This is here written down.

What do you, what do you duplicate this? It's not--what is that machine what you duplicate the pictures?

I just go around a printing machine and make picture like this one. Then I got this one. Now I have to bring up this one. On the other side so you can see the writing. What they say here. They say this in Jewish, you know, what they say here. This Bild, means this picture, is--shows where they uh, taking the people mit the hand on their uh, head to get, to get killed--to get shot. I got this from the place where I was in Czenstochow.

So you're gonna put together this--all this in the form of a book?

Yes. Pictures what I took. Pictures what I could get. And I make this for my kids.

It's just for your kids, you're not gonna have it published or anything?

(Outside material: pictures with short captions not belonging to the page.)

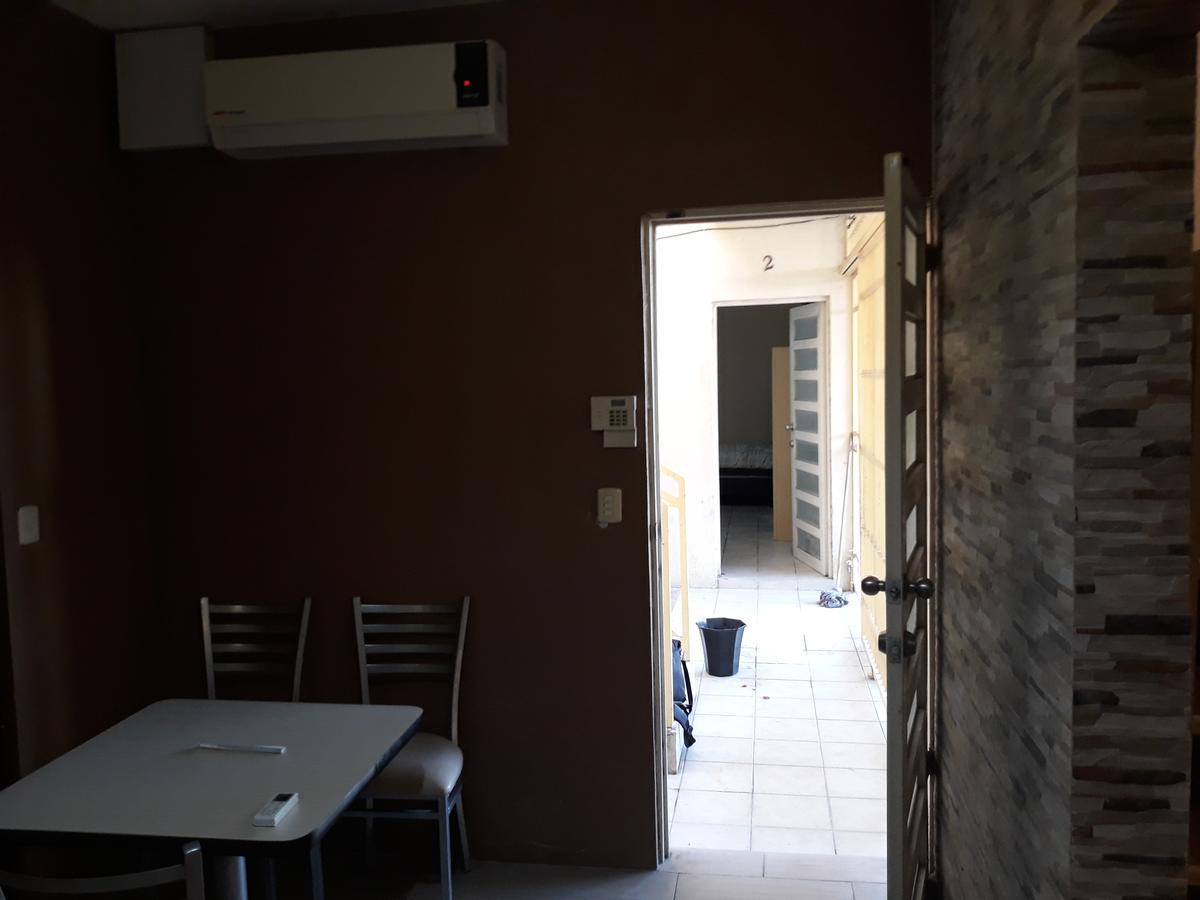 Casa Moderna Fundidora San Nicolas de los Garza Exterior foto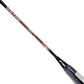 Yonex Voltric Lite 40I Unstrung Badminton Racquet (5U5, Blue/Orange) – Lightweight, Powerful & Durable(Without Cover) - Best Price online Prokicksports.com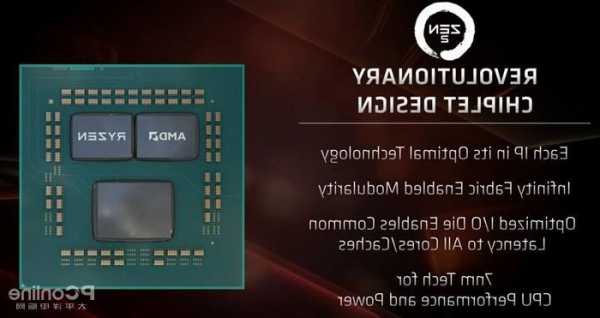 AMD Zen6细节曝光：2nm工艺、轻松256核心！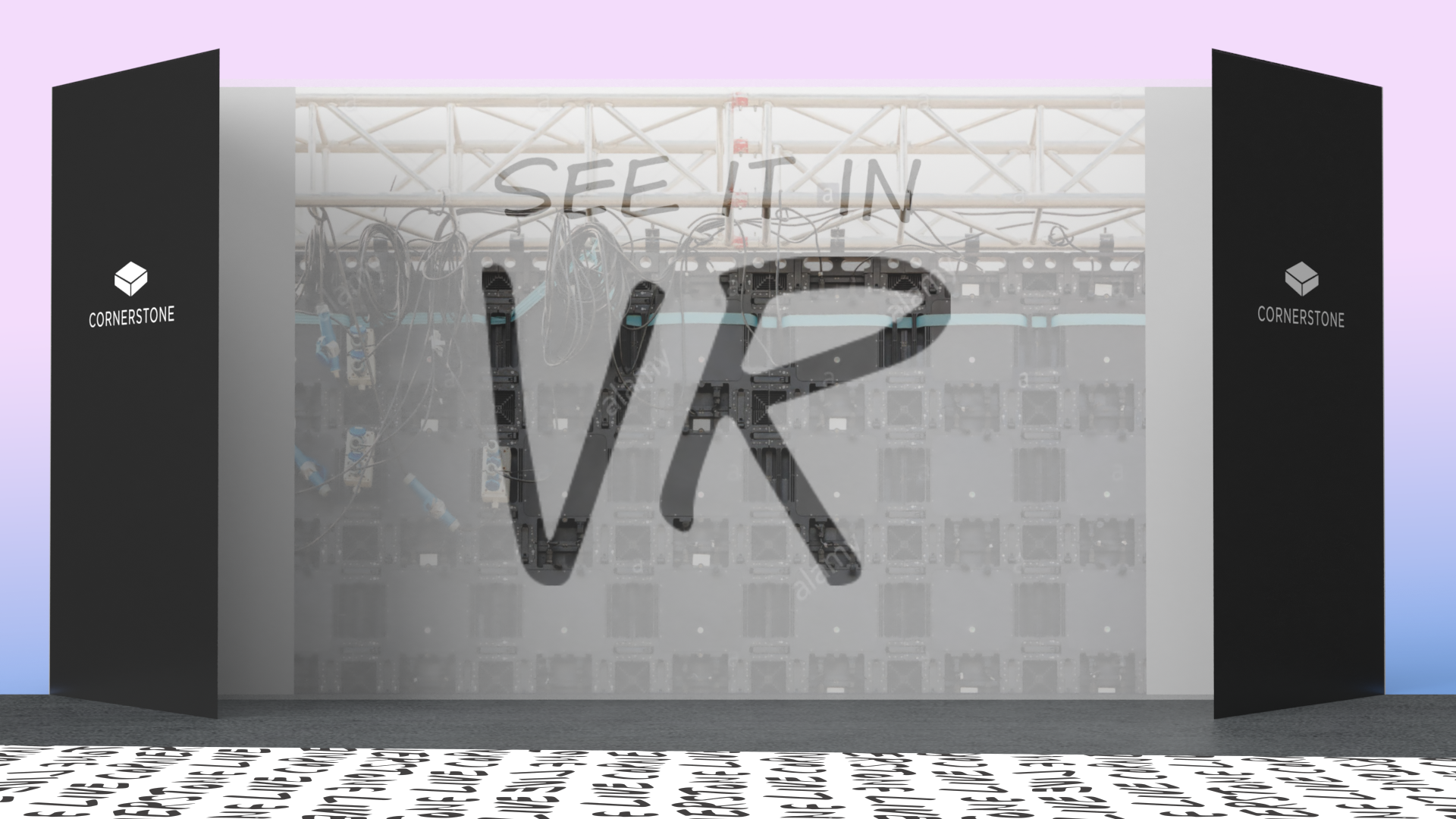 SSTS_5MonitorPanels_v2-SeeIt.png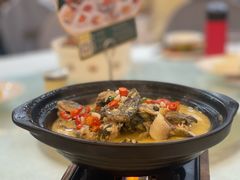 -椿记烧鹅(叠彩店)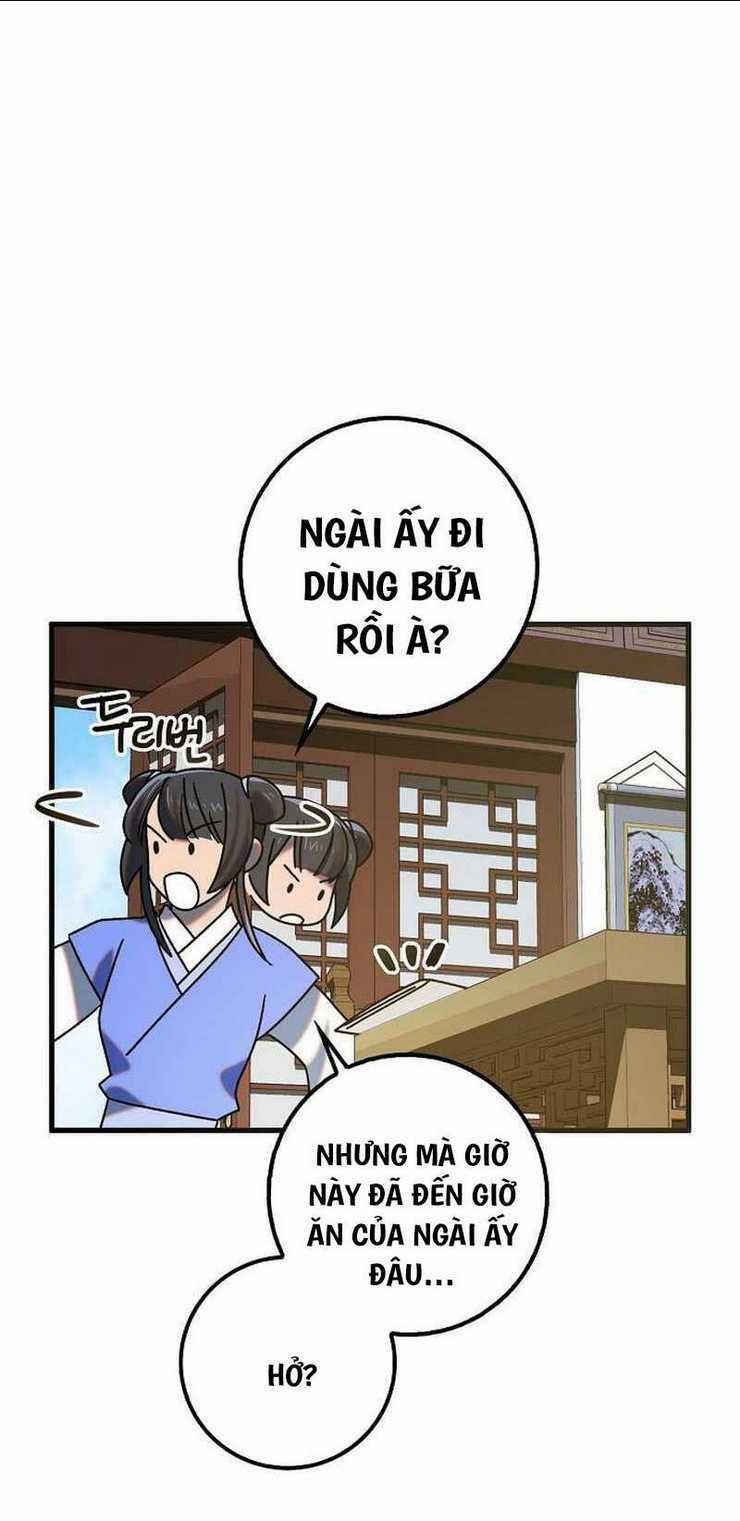 Thiên Phong Phách Đạo - Chapter 30 - Trang 9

I don't think so I get it published, because uh, to publish uh, has to be a lot work more done because I got many things in my book the accent is not clear ??? you know.

Sure, I understand.

The crematoriums. Maybe if they want to do it...

So you feel pretty uh, free about talking about what happened during the war?

Yes. They got furnace, crematorium, furnace, gas chambers. [long pause]

That's quite a book you're preparing for.


That's quite a book, Mr. Slaim.

I got a couple hundred pages. Even...

How did you, how did you have your name changed?

I uh, changed y name when I uh, got the pa...citizens papers. Why I changed? I was in the business when I was here--six months I was already on business. Of course, a lousy business, but I was in business. I uh, it wasn't my blood I couldn't say in some place work. Maybe that's why I was in my business here.

What was your name in, in Polish?

Slaimkowich. It was like Slaim I just cut off the --kowich. ??? That's even the trial in Nuremburg, the Nuremburg Trial.

I see that.


Are you a citizen now in the United States?

Of course!


After, after thirty years.

All right.

Well that's, that's ??? you know. Well, here, I don't know if you saw this some place or not. ??? I made a lots of copies. ??? lots of copies for this.

I see you spent a lot of time preparing this.


Your grandchildren will profit from this.


Your grandchildren will profit from this. They'll know you very well from this.

You know these papers. That's the story.

That's it.


I wanna thank you very much. I appreciate the time.

You're welcome. Was nice to talk to you and tell you a little bit about mein uh, tsuris. Mein troubles, mein troubles.

If there is anything--anytime you remember anything you'd like to talk about again--that you remember. Some time I'd like to come back fill in some of these stories.